INFORMATION SHOWN:

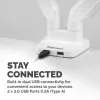 Fellowes Platinum sērijas dubultā monitora svira — monitora stiprinājums diviem 8 kg smagiem 40 collu ekrāniem — regulējams dubultā monitora galda stiprinājums — noliece 45°, pagrieziens 180°, grozīšana 360°, rotācija 360°, VESA 75 x 75/100 x 100 — balts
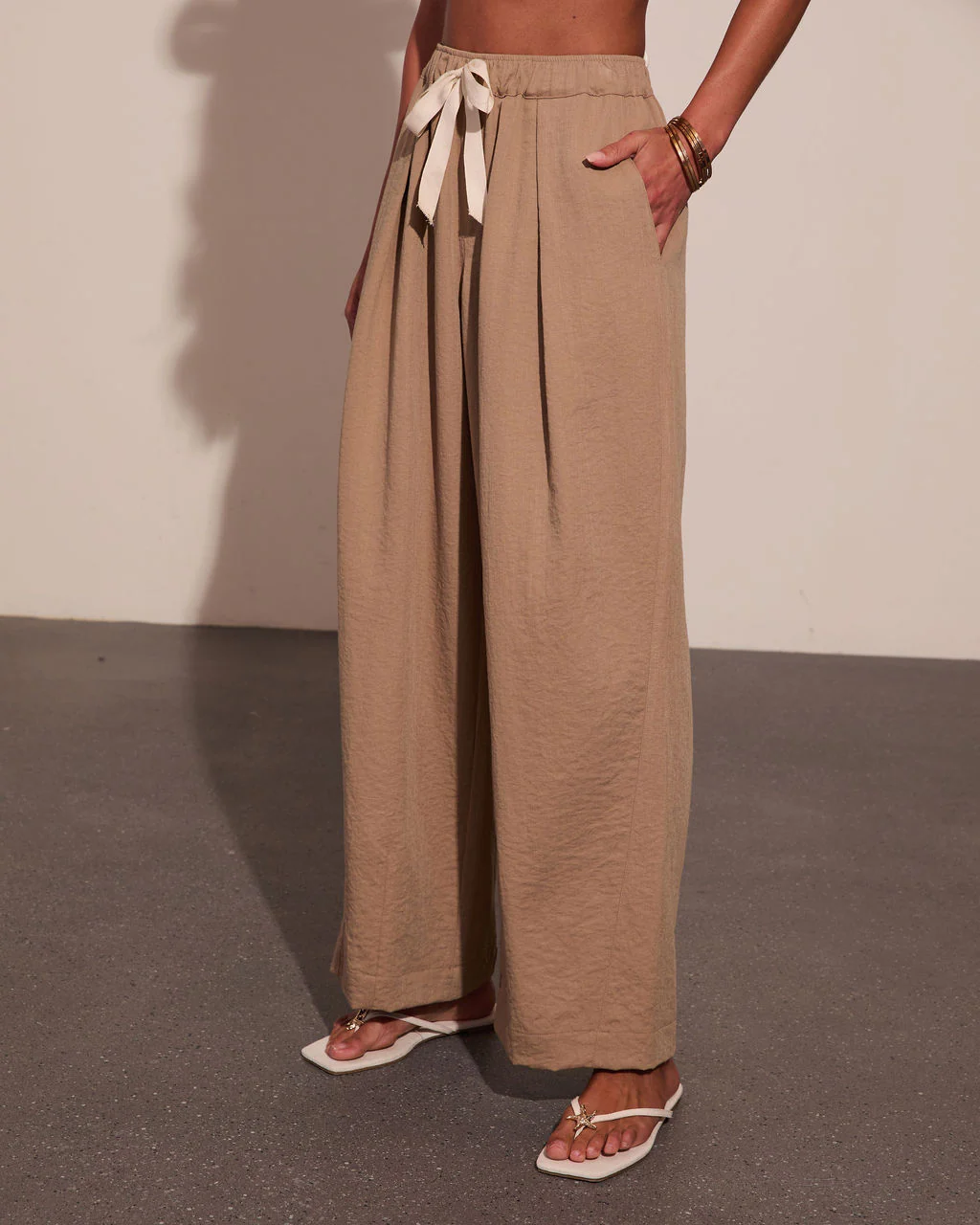 Samarah Front Tie Pleated Wide Leg Pants - Image 3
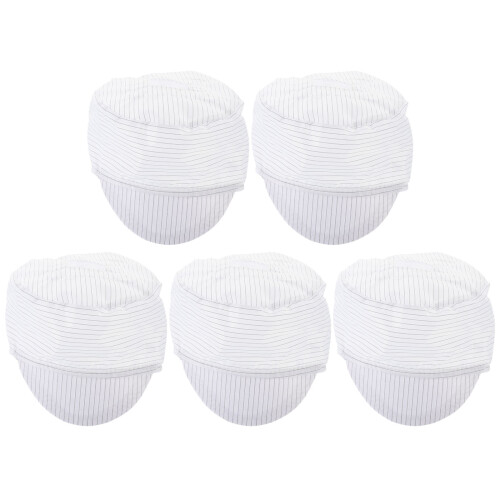 5Pcs Anti-Statisk Andningsbar Workshopsmössa För Cleanroom (Vit) 1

ACTION ITEM:
Would you give again exactly the lines from the line containing "Samarah Front Tie" through the end of the listing, both ends included, without any pictures?

WRITTEN REPLY:
 Samarah Front Tie Pleated Wide Leg Pants - Image 3
 5Pcs Anti-Statisk Andningsbar Workshopsmössa För Cleanroom (Vit) 1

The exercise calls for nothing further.